NO WRITER ATTRIBUTED

"Carousel," the Theater Guild's latest attempt to copy former success "Oklahoma," specializes in top notch Agnes DeMille dance routines, overflows with passable Richard Rodgers music, and totters on the lyrics of Oscar Hammerstein 2nd and the plot from Ferenc Molnar's "Liliom."

Hammerstein, who rose to lyrical heights in "Oh, What a Beautiful Morning" has fallen in "Carousel." With no first rate songs whatsoever, he presents numbers titled like "This Was a Real Nice Clambake," "When I Marry Mr. Snow," "Geraniums in the Winder" that turn one's esthetic stomach.

Everywhere the long arm of "Oklahoma" reaches in and dictates the style.

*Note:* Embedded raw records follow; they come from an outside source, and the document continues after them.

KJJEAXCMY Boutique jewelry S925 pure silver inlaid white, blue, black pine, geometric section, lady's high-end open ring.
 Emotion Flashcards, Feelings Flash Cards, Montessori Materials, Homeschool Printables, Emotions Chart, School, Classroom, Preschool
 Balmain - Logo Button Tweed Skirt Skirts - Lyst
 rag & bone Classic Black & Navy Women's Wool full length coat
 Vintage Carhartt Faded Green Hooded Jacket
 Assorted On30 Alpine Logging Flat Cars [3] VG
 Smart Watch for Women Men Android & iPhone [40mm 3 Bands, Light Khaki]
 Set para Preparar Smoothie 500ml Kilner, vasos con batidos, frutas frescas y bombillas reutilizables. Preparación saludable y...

One of Rodgers' best songs, "June Is Bustin' Out All Over" sounds a good deal like "Oh, What a Beautiful Morning" and several others like "You're a Queer One, Julie Jordan" and "What's the Use of Wondrin'?" though nowhere nearly so tuneful as their predecessors have a definite touch of "Oklahoma" about them.

Agnes DeMille has, however, put on a spectacular array of terpsichorean wizardry ranging from a classical rendition of a hornpipe to an example of modern dancing which is beyond doubt one of the best seen this season. Again the "Oklahoma" touch appears in Anabelle Lyon, who is a copy of Joan McCracken.

Murvyn Vye, "Oklahoma" alumnus, playing the villainous Jigger Craigin, stands alone from a cast of over 50 as the one realistic and well done character. From insults, "If thar's one thing uh can't stand . . . it's a common woman," to passionate lovemaking, "I'd swim through a sea o' beer for you . . . wit' me mout closed," Vye turns in the outstanding job of the entire performance.

Before intermission, "Carousel" is a mediocre folk opera; after intermission it leaves all bounds of reason. The hero, Billy Bigelow, having committed suicide, is led off by two unidentified gentlemen in tweed suits. In spite of his protests he is taken around the front door of heaven and sent in the back way under the "mother of pearly" gates where he meets heaven's janitor dusting off stars. By now reduced to nothing more than a slushy dramatization of the maxim to live your own life regardless of what your parents were or did, "Carousel" concludes with Billy returning to earth for a day to cheer up his family.

As a third rate operetta, "Carousel" is bad enough, but as a mystic fantasy with songs it is absurd and over-sentimental.